Culture

J.K. Rowling Wrote Another Transphobic Book


 

CW: Transphobic violence and rape are mentioned in this article.

Britain’s most famous transphobe is back, and in this installment of J.K. Rowling Endangers Trans Lives for Personal Gain, the widely despised children’s author is channeling her hateful views into the plot of a new novel, The Telegraph reports.

According to the first major review of the book, much of Rowling’s Troubled Blood (out tomorrow from Little, Brown and Company) follows detective Cormoran Strike as he investigates a cis male serial killer who hunts his unsuspecting cis female victims by dressing up as a woman. If that sounds familiar, it’s because Rowling’s plot is not only transphobic; it’s clearly derivative of Dressed to Kill and The Silence of the Lambs, two films whose tropey villains used similar tactics as Rowling’s.

Rowling’s latest literary affront to trans folks builds on the transphobic representation furthered earlier in the series. In a scene from The Silkworm, a trans woman named Pippa attempts to stab Strike. Having detained her in his office, the detective asks for Pippa’s ID, revealing her trans status. When Pippa attempts to escape, Strike blocks her exit, informing her that “‘If you go for that door one more time I’m calling the police and I’ll testify and be glad to watch you go down for attempted murder. And it won’t be fun for you Pippa,’ he says. ‘Not pre-op,’” he adds, implying she may be raped in prison.

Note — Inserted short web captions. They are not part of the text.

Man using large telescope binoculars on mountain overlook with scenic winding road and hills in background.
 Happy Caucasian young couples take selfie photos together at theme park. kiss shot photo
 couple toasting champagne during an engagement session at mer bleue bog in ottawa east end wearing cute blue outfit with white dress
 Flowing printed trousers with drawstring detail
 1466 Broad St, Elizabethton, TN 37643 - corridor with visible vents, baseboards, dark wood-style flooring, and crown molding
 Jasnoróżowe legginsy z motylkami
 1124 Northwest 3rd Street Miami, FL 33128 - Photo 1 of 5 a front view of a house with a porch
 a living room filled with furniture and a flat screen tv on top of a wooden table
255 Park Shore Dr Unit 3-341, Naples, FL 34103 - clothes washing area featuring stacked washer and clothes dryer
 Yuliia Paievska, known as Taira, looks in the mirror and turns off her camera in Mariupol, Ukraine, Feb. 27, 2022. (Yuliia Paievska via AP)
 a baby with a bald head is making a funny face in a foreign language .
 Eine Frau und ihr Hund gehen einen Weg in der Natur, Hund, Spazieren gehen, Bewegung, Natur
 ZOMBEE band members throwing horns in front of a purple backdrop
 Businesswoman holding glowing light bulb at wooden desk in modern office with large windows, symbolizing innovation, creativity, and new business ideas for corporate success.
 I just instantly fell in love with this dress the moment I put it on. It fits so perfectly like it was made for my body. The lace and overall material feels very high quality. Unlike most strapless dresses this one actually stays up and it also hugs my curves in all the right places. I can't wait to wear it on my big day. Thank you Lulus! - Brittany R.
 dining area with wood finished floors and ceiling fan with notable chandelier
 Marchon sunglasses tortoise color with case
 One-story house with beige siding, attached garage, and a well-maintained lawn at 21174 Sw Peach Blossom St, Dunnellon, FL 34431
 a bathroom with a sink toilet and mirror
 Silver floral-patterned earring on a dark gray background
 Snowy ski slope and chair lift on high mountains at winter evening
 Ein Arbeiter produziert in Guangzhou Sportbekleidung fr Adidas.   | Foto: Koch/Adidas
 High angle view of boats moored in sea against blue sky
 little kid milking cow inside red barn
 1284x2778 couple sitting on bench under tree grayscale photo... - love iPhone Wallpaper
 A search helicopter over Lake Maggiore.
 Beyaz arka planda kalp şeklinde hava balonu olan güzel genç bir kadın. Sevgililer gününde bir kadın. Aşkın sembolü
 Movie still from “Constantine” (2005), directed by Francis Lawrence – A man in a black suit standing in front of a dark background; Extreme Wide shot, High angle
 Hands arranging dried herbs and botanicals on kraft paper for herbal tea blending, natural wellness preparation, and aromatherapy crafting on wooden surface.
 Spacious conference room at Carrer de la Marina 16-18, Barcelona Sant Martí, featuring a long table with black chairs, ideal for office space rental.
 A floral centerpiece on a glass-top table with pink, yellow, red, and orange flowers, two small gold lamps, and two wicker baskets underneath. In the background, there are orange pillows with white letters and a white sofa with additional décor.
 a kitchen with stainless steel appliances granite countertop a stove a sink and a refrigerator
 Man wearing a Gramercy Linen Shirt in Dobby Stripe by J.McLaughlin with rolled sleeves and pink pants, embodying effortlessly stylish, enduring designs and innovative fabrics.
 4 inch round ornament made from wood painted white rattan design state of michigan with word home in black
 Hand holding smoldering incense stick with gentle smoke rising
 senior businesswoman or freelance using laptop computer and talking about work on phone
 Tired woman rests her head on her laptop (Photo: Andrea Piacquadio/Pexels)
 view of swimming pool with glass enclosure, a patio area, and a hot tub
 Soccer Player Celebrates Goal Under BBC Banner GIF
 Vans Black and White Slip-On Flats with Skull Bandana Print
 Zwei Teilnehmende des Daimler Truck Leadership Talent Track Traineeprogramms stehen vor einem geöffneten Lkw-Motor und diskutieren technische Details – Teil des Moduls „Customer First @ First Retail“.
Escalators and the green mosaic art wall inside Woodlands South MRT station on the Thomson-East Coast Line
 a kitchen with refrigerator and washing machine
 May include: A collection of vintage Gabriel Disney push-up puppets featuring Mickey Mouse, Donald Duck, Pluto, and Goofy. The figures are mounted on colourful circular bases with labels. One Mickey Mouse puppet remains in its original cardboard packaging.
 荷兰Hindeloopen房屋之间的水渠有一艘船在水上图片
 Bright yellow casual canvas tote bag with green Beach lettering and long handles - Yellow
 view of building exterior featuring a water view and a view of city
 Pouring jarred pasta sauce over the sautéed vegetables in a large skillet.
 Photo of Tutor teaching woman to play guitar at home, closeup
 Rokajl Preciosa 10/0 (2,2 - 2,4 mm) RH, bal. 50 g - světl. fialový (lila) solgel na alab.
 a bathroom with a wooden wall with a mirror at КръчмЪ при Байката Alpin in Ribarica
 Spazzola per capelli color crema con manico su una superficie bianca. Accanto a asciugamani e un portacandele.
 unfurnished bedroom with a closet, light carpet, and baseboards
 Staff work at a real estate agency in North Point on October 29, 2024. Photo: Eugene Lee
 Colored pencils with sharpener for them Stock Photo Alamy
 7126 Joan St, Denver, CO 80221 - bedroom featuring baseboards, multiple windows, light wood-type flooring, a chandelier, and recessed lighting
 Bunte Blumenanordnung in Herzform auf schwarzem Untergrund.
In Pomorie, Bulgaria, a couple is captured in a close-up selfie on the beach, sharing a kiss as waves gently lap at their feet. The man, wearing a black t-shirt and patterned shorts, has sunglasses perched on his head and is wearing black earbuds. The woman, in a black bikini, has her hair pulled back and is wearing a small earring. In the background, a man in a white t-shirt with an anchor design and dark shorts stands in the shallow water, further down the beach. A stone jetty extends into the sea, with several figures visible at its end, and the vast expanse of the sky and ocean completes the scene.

Clocking in at over 900 pages, Troubled Blood dwarfs the nearly 4,000-word blog post she released this June, described by many as a TERF manifesto. From the sounds of her latest fiction, it seems to be animated by similar concerns as those at the heart of her June screed, which condemned “new trans activism” on the grounds that affirming trans women’s identities presented a danger to “natal girls and women.”

“When you throw open the doors of bathrooms and changing rooms to any man who believes or feels he’s a woman — and, as I’ve said, gender confirmation certificates may now be granted without any need for surgery or hormones — then you open the door to any and all men who wish to come inside,” Rowling wrote in the post. “That is the simple truth.”

This point is as transphobic as it is false. Yet despite being hateful and wrong, the notion that transfeminity is dangerous again suffuses the narrative of her new book. And as the documentary Disclosure so emphatically demonstrates, narratives like these contribute to the violence trans folks face everyday.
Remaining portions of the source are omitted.